** Given information follows **

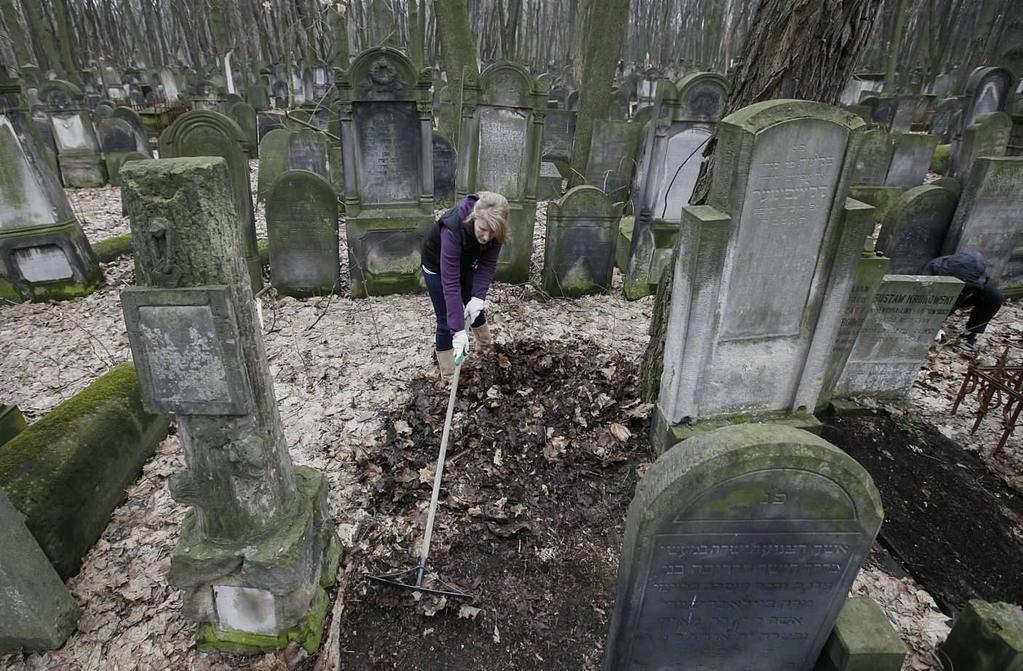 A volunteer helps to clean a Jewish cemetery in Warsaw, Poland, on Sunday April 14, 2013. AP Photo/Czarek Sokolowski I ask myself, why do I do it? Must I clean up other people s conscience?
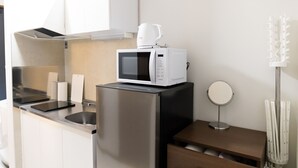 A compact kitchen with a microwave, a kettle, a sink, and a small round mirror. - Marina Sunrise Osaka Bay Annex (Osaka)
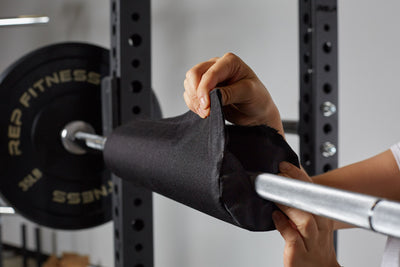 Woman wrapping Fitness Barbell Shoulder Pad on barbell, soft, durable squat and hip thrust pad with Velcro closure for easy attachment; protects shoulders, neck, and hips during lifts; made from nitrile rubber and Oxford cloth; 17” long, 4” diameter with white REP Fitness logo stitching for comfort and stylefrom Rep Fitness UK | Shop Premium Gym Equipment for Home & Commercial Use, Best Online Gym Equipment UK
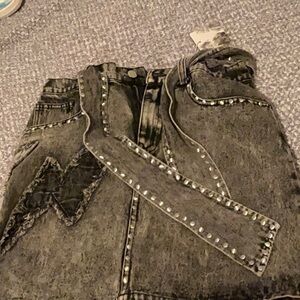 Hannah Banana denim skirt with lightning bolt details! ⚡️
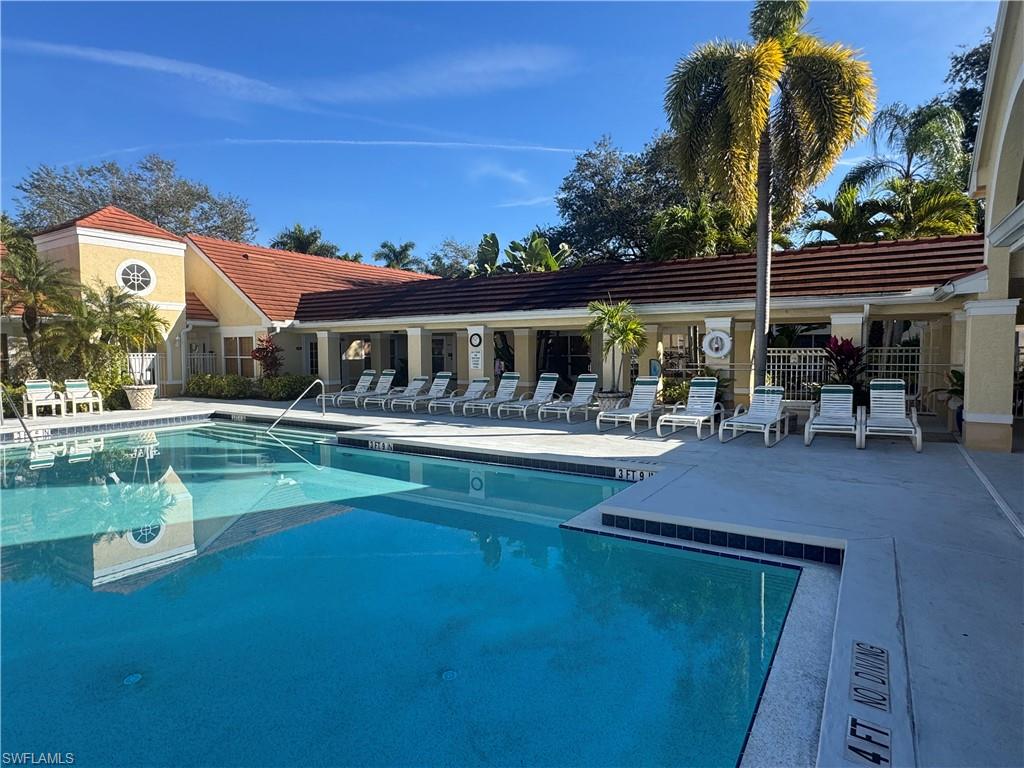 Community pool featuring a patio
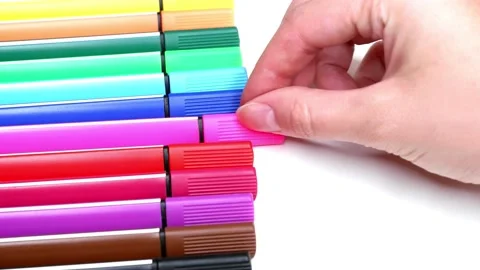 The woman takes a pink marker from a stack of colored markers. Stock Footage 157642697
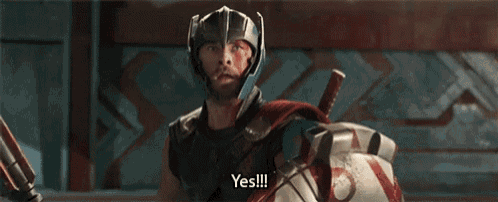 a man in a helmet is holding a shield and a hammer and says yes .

** End of Given information **
** Given information follows **

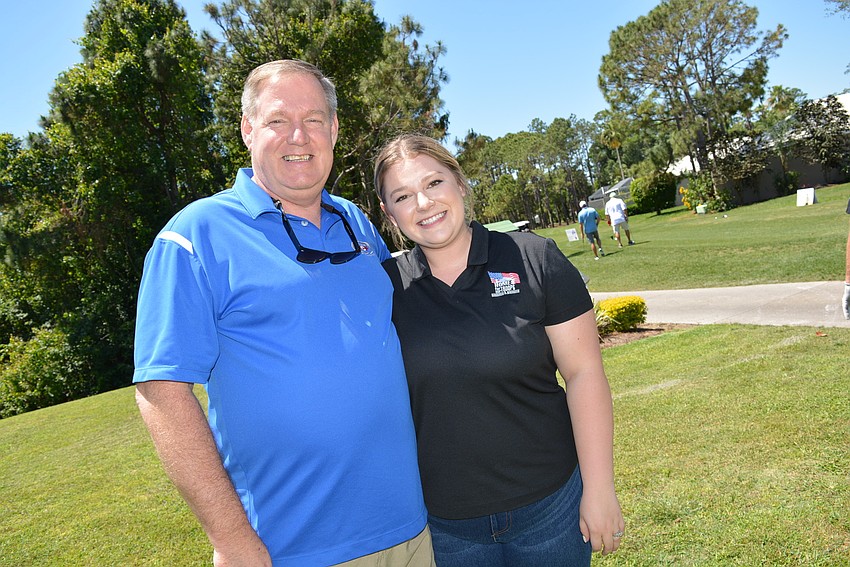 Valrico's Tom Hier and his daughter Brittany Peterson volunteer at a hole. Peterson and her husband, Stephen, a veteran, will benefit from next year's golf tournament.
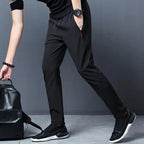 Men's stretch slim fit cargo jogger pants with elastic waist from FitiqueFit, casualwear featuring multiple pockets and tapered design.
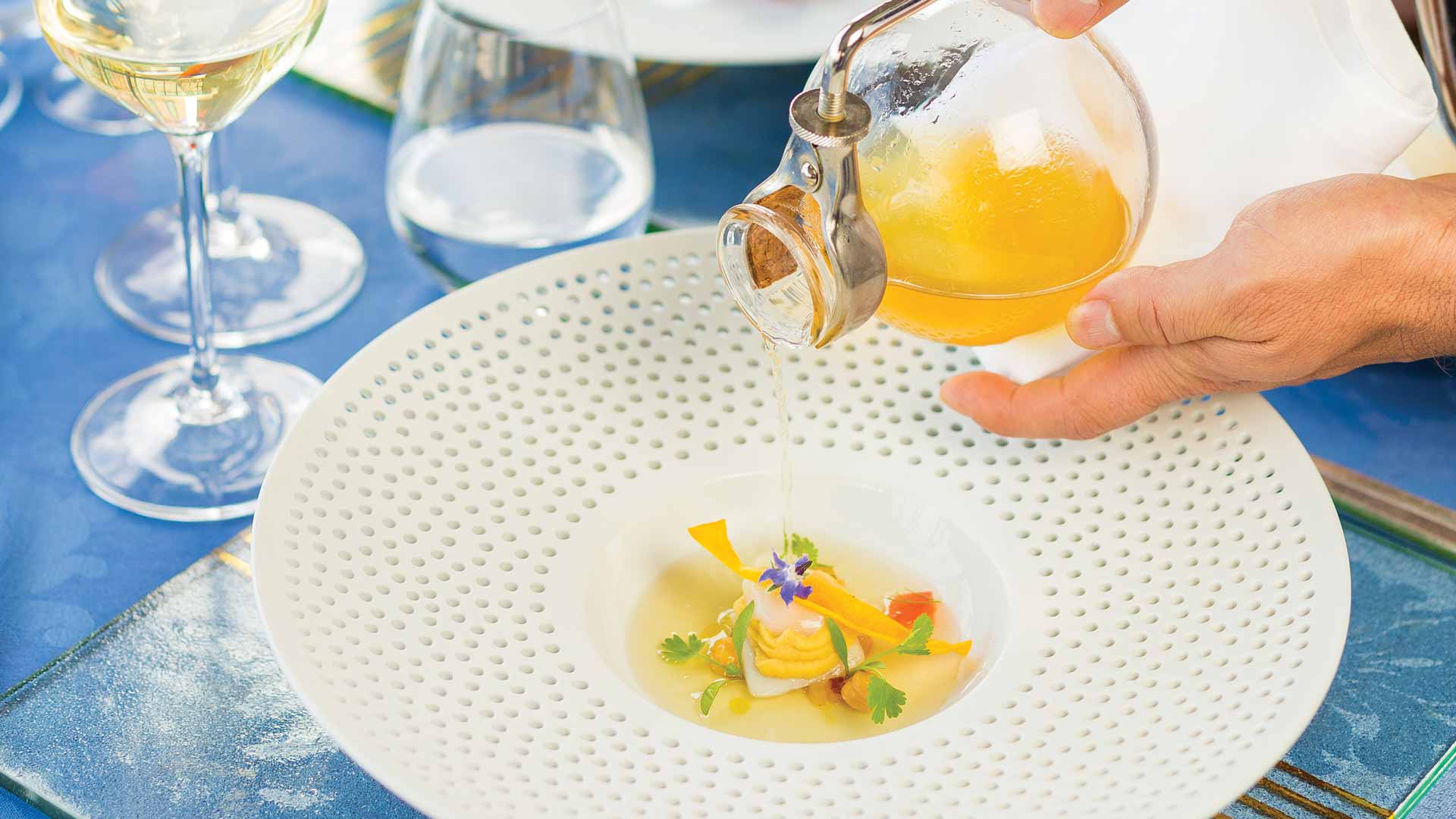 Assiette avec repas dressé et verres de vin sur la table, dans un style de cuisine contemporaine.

** End of Given information **

## Task to complete
All pictures are to be skipped. Output, word for word, the lines in the data above starting at the line containing "Men's stretch slim" and ending at the line containing "Assiette avec repas".

## Reply
 Men's stretch slim fit cargo jogger pants with elastic waist from FitiqueFit, casualwear featuring multiple pockets and tapered design.
 Assiette avec repas dressé et verres de vin sur la table, dans un style de cuisine contemporaine.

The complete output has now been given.